----- Records for this exercise

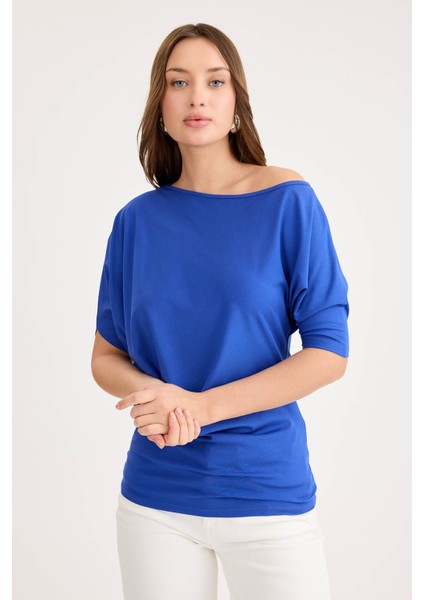 Kayık Yaka Kısa Kol Modal Bluz modelleri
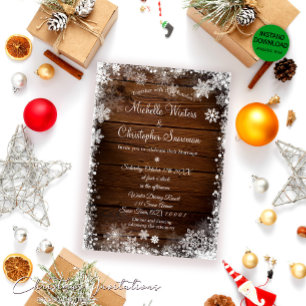 Rustic Wood Country Winter Wedding Invitation
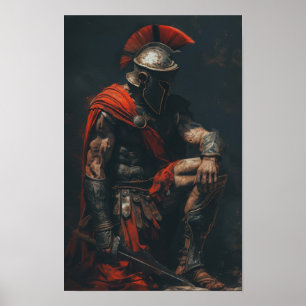 Kraftfull Spartan Warrior Kneeling-Poster Poster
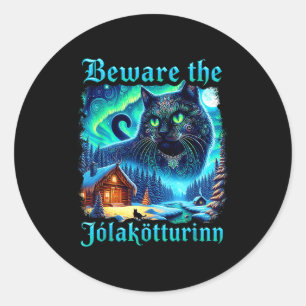 Yule Cat Vintage Beware Jolakotturinn Icelandic Ch Classic Round Sticker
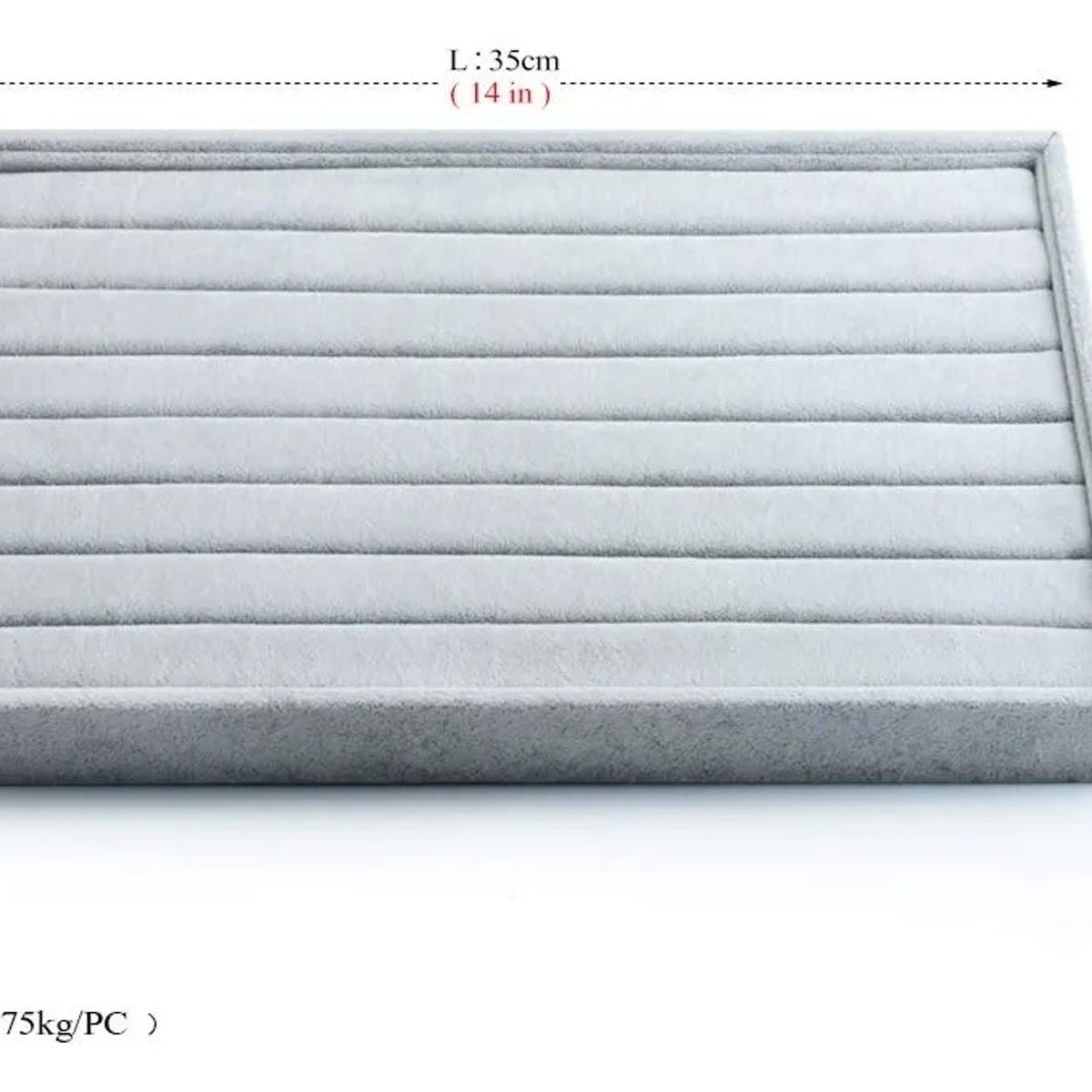 KUANGYE - Bandeja Exhibidora 100 Anillos Gris Terciopelo Modelo Lineas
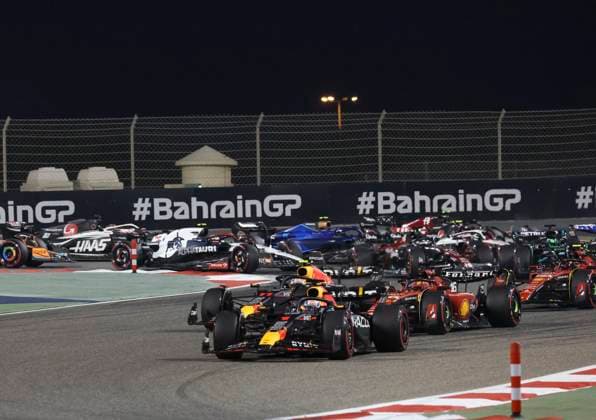 Start, 1 Max Verstappen NLD, Oracle Red Bull Racing , 11 Sergio Perez MEX, Oracle Red Bull Racing , 16 Charles Leclerc MCO, Scuderia Ferrari , F1 Grand Prix of Bahrain at Bahrain International Circuit on March 5, 2023 in Sakhir, Bahrain Photo by HOCH ZWEI Sakhir Bahrain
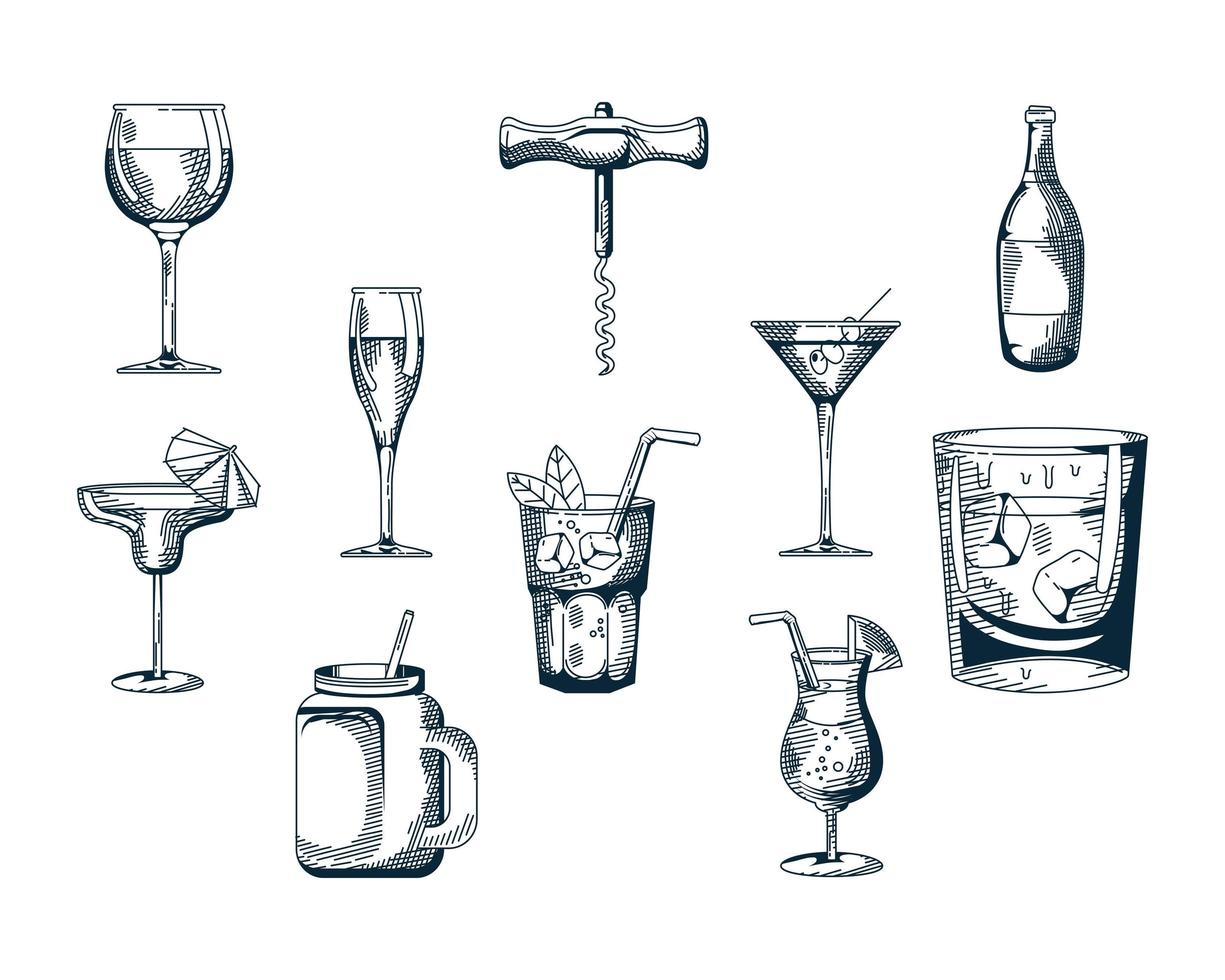 bundle of ten drinks set icons vector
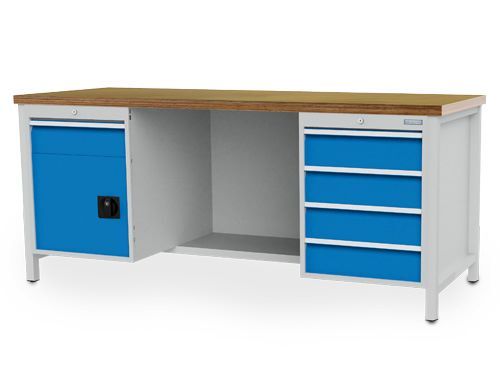 Bedrunka+Hirth Kastenwerkbank 5 fach Schubladenblock 1 Flügeltür 2000 x 750 x 859 mm Produktbild Bedrunka+Hirth Kastenwerkbank 5 fach Schubladenblock 1 Flügeltür 2000 x 750 x 859 mm
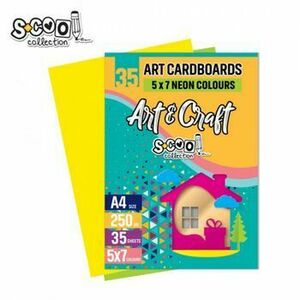 Carton color A4, 250g, 35 coli, 7 culori neon/set - S-COOL imagine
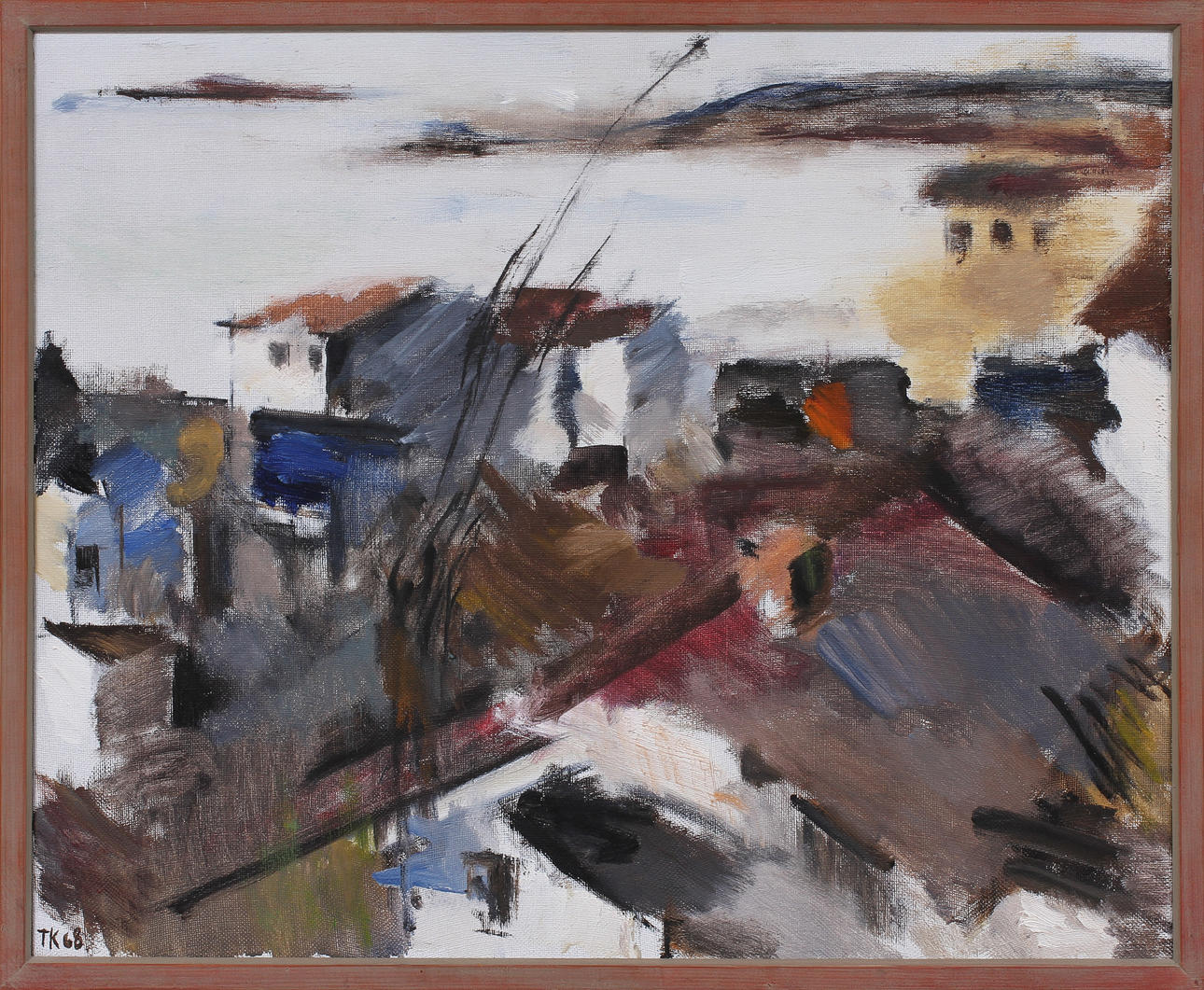 TORE KURLBERG. "Skärhamn I". Olja på duk, signerad och daterad 68.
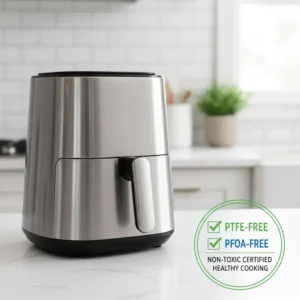 A clear graphic or product label explicitly stating "PTFE Free" and "PFOA Free" to confirm the non toxic air fryer status.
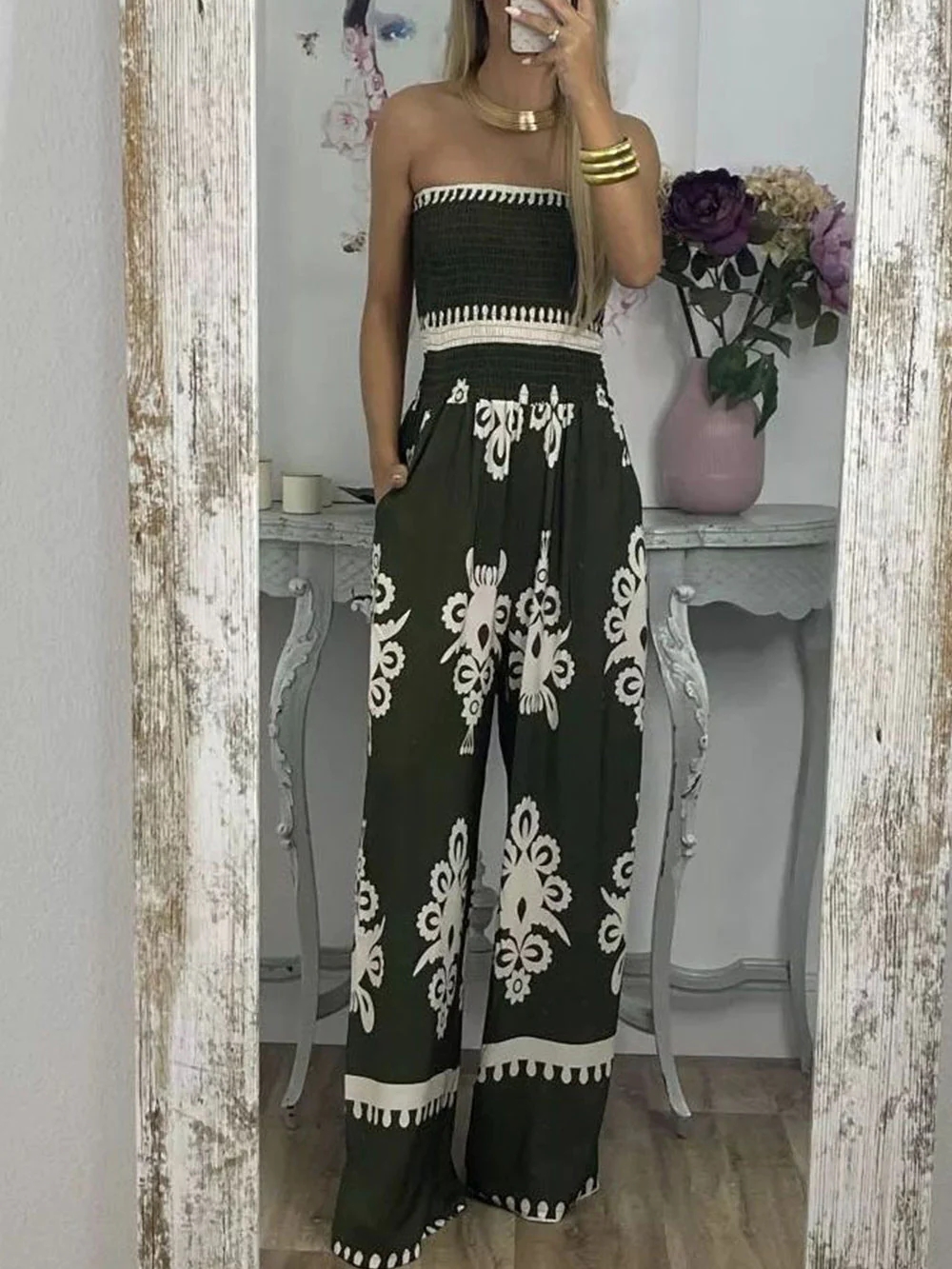 Womens Sexy Printed Chest Wrap Jumpsuit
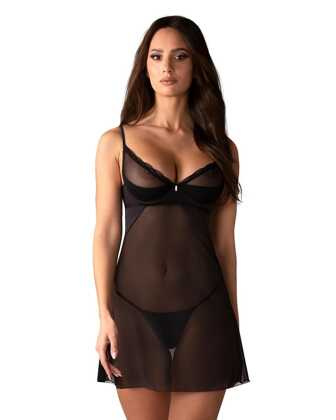 Koszulka Obsessive Stelisa Chemise & Thong S-3XL czarny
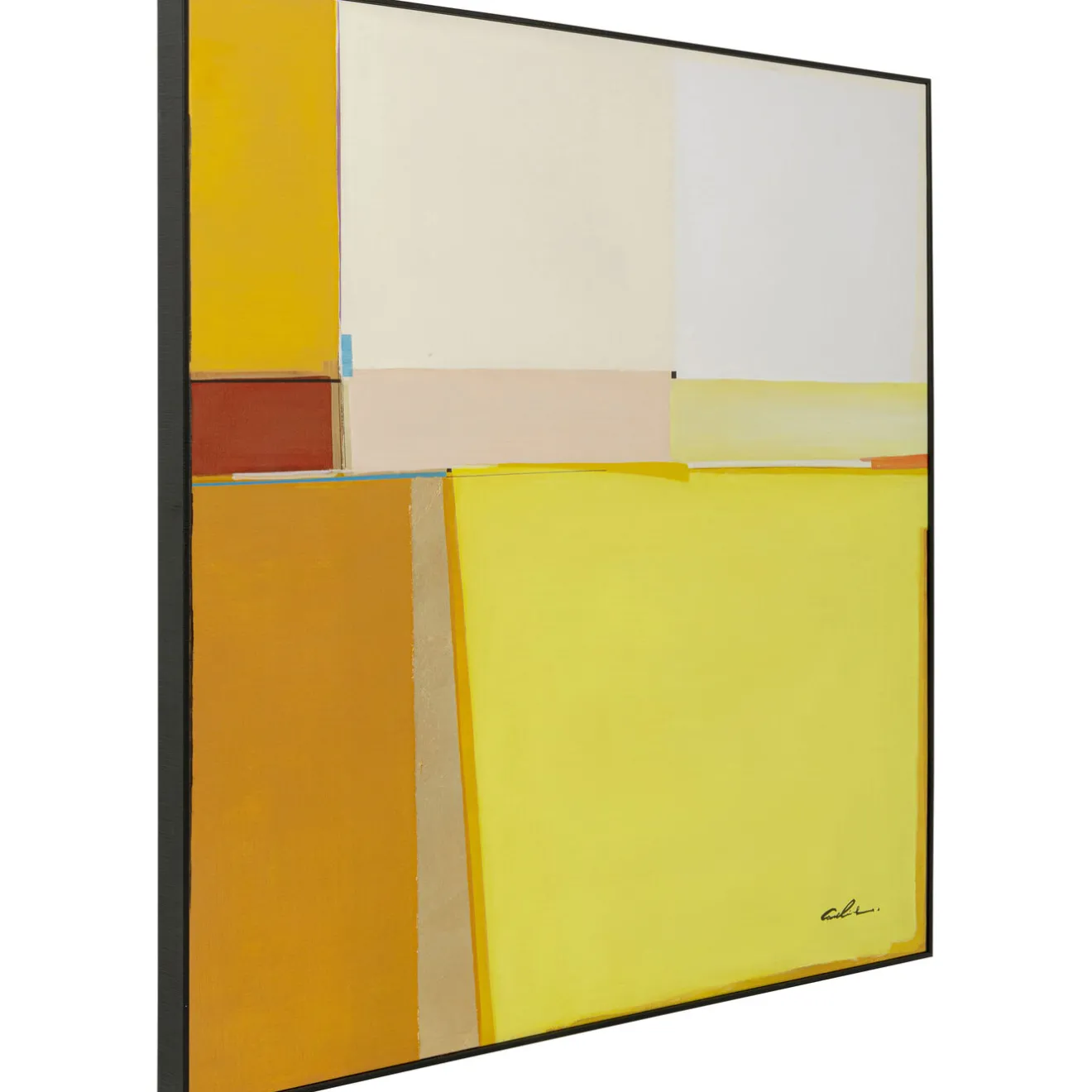 KARE Design Tableaux Encadres|Tableau Encadre Abstract Shapes Jaune 113X113Cm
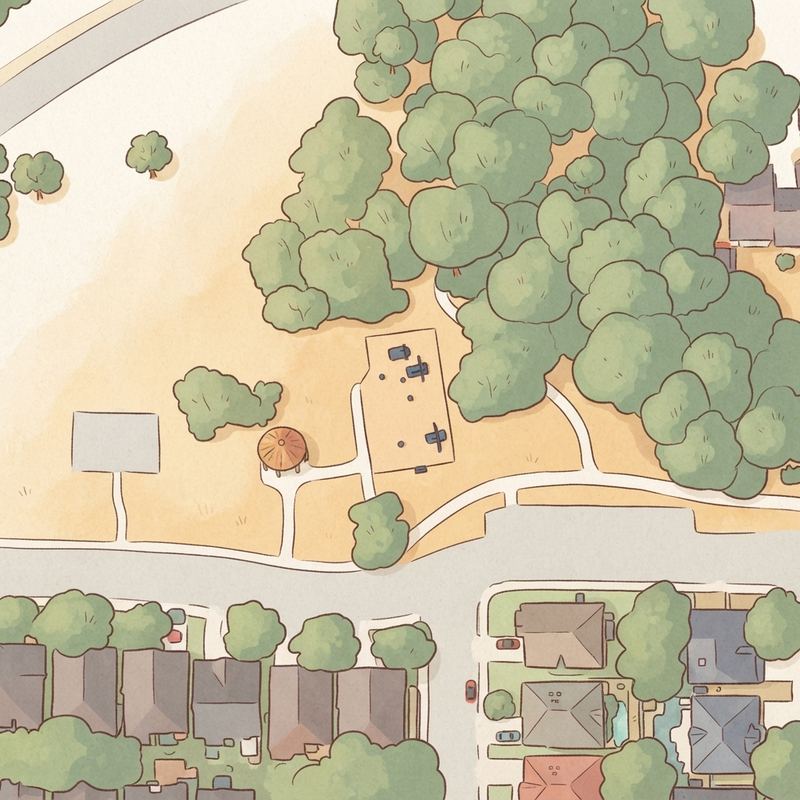 Illustrated map of Thrush Park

----------

All of the records above should be returned exactly, though the pictures should not.

=== Exercise answer ===
 Kayık Yaka Kısa Kol Modal Bluz modelleri
 Rustic Wood Country Winter Wedding Invitation
 Kraftfull Spartan Warrior Kneeling-Poster Poster
 Yule Cat Vintage Beware Jolakotturinn Icelandic Ch Classic Round Sticker
 KUANGYE - Bandeja Exhibidora 100 Anillos Gris Terciopelo Modelo Lineas
 Start, 1 Max Verstappen NLD, Oracle Red Bull Racing , 11 Sergio Perez MEX, Oracle Red Bull Racing , 16 Charles Leclerc MCO, Scuderia Ferrari , F1 Grand Prix of Bahrain at Bahrain International Circuit on March 5, 2023 in Sakhir, Bahrain Photo by HOCH ZWEI Sakhir Bahrain
 bundle of ten drinks set icons vector
 Bedrunka+Hirth Kastenwerkbank 5 fach Schubladenblock 1 Flügeltür 2000 x 750 x 859 mm Produktbild Bedrunka+Hirth Kastenwerkbank 5 fach Schubladenblock 1 Flügeltür 2000 x 750 x 859 mm
 Carton color A4, 250g, 35 coli, 7 culori neon/set - S-COOL imagine
 TORE KURLBERG. "Skärhamn I". Olja på duk, signerad och daterad 68.
 A clear graphic or product label explicitly stating "PTFE Free" and "PFOA Free" to confirm the non toxic air fryer status.
 Womens Sexy Printed Chest Wrap Jumpsuit
 Koszulka Obsessive Stelisa Chemise & Thong S-3XL czarny
 KARE Design Tableaux Encadres|Tableau Encadre Abstract Shapes Jaune 113X113Cm
 Illustrated map of Thrush Park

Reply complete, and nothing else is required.